Lycos U.S. Changes…Everything

In two dramatic announcements this week, Lycos U.S. said it will shed its portal strategy to become a vast social network; the company also inked a 5-year deal with 24/7 Real Media to outsource display ad sales, ad serving and analytics for its Internet properties.

“This is totally an untapped space. We’ll enter the market already in the leadership position because of where we’ve been,” said Mark Stoever, executive vice president of Terra Lycos, U.S., of the company’s new direction.

He stressed the new business model capitalizes on the company’s experience in online publishing, dating and search. “Lycos will be the first to bring together the entire spectrum of ways people connect online,” he noted.

Lycos says the revenue potential for its new model lies in subscriptions and contextually targeted ads. Google provides contextual ads for Lycos through a deal with its parent, Terra Lycos .

The company plans to relaunch its homepage in two weeks as a “hub for personal connections.” That’s step one in a phased rollout with a corresponding national advertising campaign. Lycos search will emphasize enabling users to navigate between various professional, personal, family, business and affinity sites.

The company hopes to convert users into paid subscribers of premium sites or to bundled packages of sites and services. Stoever wouldn’t comment on specific prices or packages, but indicated the company will experiment with multiple models to see what works.

The company also hopes building cores of audiences around various niche sites will attract advertisers.

Social networks have been a growing online phenomenon. Currently, there are over 100. There’s been a pronounced lack of consensus whether, or if, there’s a business model in aggregating such communities. Many enthusiasts belong to multiple networks for business, friendship, dating and other purposes. Lycos hopes its large network of sites will attract users who want to join only one online community that offers multiple affinity groups.

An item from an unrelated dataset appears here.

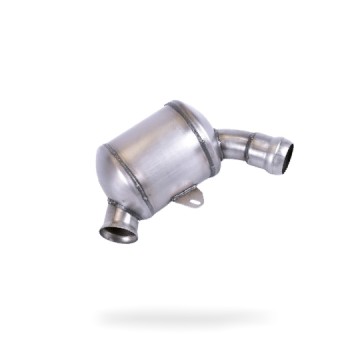 CMZ6019T Catalytic converter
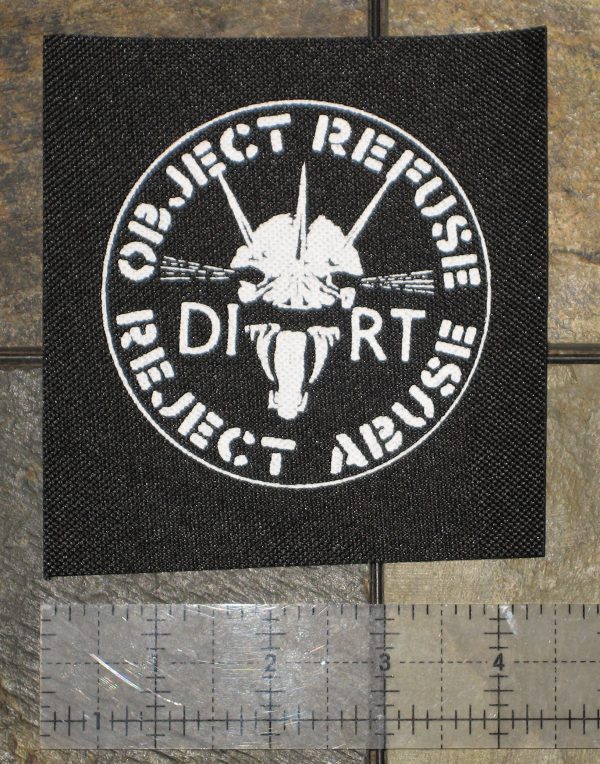 Dirt Patch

Stoever is confident Lycos can platform a dating customer into a subscriber to job, health, finance, family, or other categories Lycos is a player in, as well as encourage them to use the company’s Web services, including site building and Weblogs. “We’re excited by our progress in building a subscription business, but not at expense of advertising,” he said. “We’re building an audience that advertisers want to reach as well.”

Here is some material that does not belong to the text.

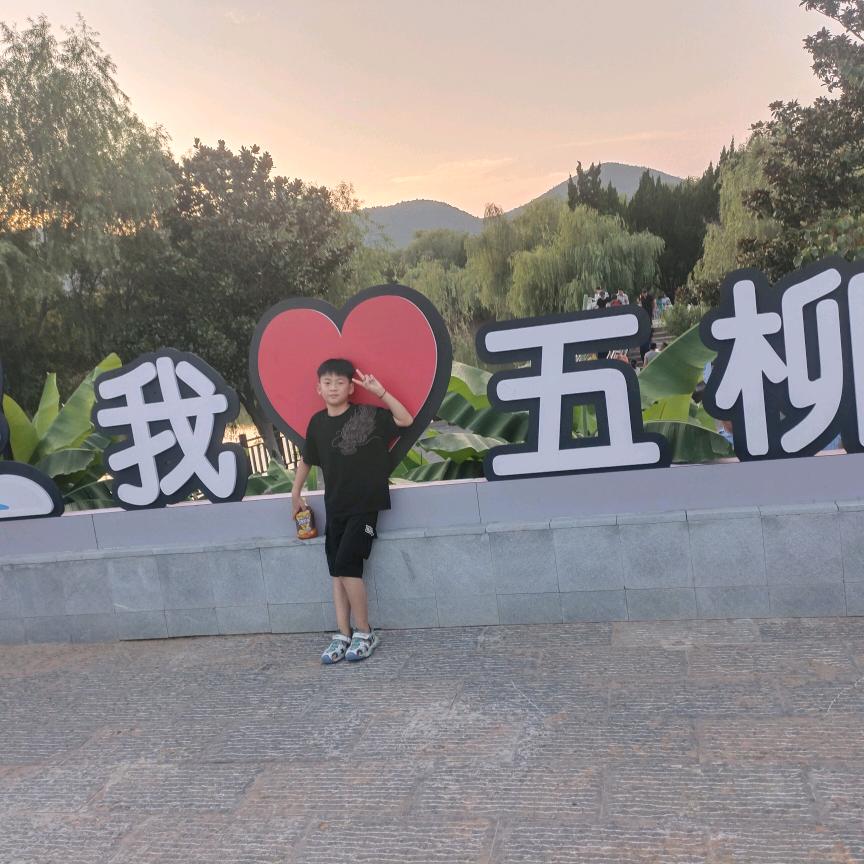 明天會更好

Jupiter Research Advertising Analyst Gary Stein expressed skepticism, “Subscription-based to boost revenues? That’s a tough path,” he commented. “Everyone else claimed great results, a rebound in online advertising: Yahoo!, AskJeeves, DoubleClick and aQuantive. [This] makes it seem that they weren’t able to catch any part of the next wave.”

Sites in Lycos’ U.S. network include,,,,,,,, Lycos Zone,,,,,,, and Wired.

As it focuses on building its new network, Lycos will outsource all display advertising sales to 24/7 Real Media, a windfall for the latter company that will represents an estimated $11 to $15 million in revenues the first year of the 5-year deal. The terms of the contract were not disclosed.

With 50 million U.S. unique monthly visitors, Lycos U.S. becomes by far the largest component of the 24/7 Web Alliance, currently comprised of over 700 sites with 11 million monthly unique visitors. With the addition of Lycos, the network becomes the Internet’s fourth largest media entity.

“Right off the bat we have a lot more to offer an advertiser than we did before,” said David Moore, chairman and CEO of 24/7 Real Media.

As part of the deal, 24/7 Real Media’s Open AdStream will serve ads to all Lycos U.S. properties. In addition, the company’s Insight XE analytics technology will provide analytics and enable behavioral targeting on Lycos sites.

“[The technology] will give us the ability to target audiences better than anyone except maybe some of the desktop media,” said Moore.

The extent of Lycos’ internal restructuring in the wake of today’s announcements is not yet clear. In addition to sales force reductions, the company says it will “de-emphasize” certain businesses not key to the new strategic direction, and reassign some current staff members. Stoever does not rule out closing of selling off some Lycos properties “On a case-by-case basis. We’re not going to be the leaders in auto, or real estate or travel.”